Sea Flight: The Wartime Memoirs of a Fleet Air Arm Pilot
by Hugh Popham
The first published memoir by a British WW II fighter pilot. Not a story of fly-boy derring-do but quiet reflection.
Half Century, Baby! Fifty Years of the Grumman F-14 Tomcat
by David Parsons and Mads Bangsø
This is one of the top books on the subject, thanks to the authenticity and competence of the many people who were interviewed for it.
GHOSTS 2024 Calendars, The Great War & A Time Remembered
by Philip Makanna
If you didn’t know these are photographs you’d swear they must be paintings.

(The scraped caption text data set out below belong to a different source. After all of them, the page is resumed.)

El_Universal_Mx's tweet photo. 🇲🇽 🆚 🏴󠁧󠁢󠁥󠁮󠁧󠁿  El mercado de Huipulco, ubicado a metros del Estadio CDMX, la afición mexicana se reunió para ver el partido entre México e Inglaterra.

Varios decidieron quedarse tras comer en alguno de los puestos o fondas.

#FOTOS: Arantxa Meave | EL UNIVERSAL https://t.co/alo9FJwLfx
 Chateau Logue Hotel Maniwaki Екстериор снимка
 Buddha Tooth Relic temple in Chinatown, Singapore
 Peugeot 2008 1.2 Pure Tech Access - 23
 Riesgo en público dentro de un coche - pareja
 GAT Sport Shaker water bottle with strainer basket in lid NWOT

Some of these air-to-air shots look completely impossible to capture while everything is moving any which way.
The Nature of World War I Aircraft, Collected Essays
by Javier Arango
Reading about vintage aircraft is one thing, and for many the closest they will get, but Arango had the means and the mindset to actually experience them, first by restoring or recreating them and then flying them—and then writing about it.
101 Hours in a Zeppelin
Ernst August Lehman and the Dream of Transatlantic Flight, 1917
by Robert S. Pohl
Primarily based on a large trove of letters by a civilian scientist who field-tested new concepts on military airships this book explores a familiar subject from a new angle.
Flying and Preserving Historic Aircraft, The Memoirs of David Ogilvy
by David Ogilvy
Can’t tell roll from bank? Ever put a fuel-soaked rag into your carb intake to encourage combustion? Ever piloted a 1910 triplane, or the first British jet? Ogilvy’s highly polished prose will transport you into the cockpit.
Airway to the East 1918–1920 and the Collapse of No.1 Aerial Route RAF
by Clive Semple
The Arab-Israeli conflict is in the news every day. This book revisits a story related to it but buried since 1919 and deals with early long-distance flying in general.
Go Fast or Go Home: The Garth Hogan Story
by Tim Hanna
Dragster racer, record holder, FIA commissioner, founder of multiple businesses, pilot, restorer, museum founder—just reading this list makes you wonder if the differences in cyclonic motion in the hemispheres affects how time flies on Zealandia.
The White Rose of Stalingrad
by Bill Yenne
In WWII, only the Soviets had female active duty combat pilots. In fact, they had three all-female squads. Two of their pilots became aces. The long-suppressed and forgotten story of one of them is told here.
Battle of Britain The Movie: The Men and Machines of one of the Greatest War Films Ever Made
by Robert J. Rudhall & Dilip Sarkar
You may not have seen the original 1969 movie but outtakes from it found their way into more than a dozen movies between 1971 and 2010. This book explains why and how the movie was made, with special emphasis on the aircraft used.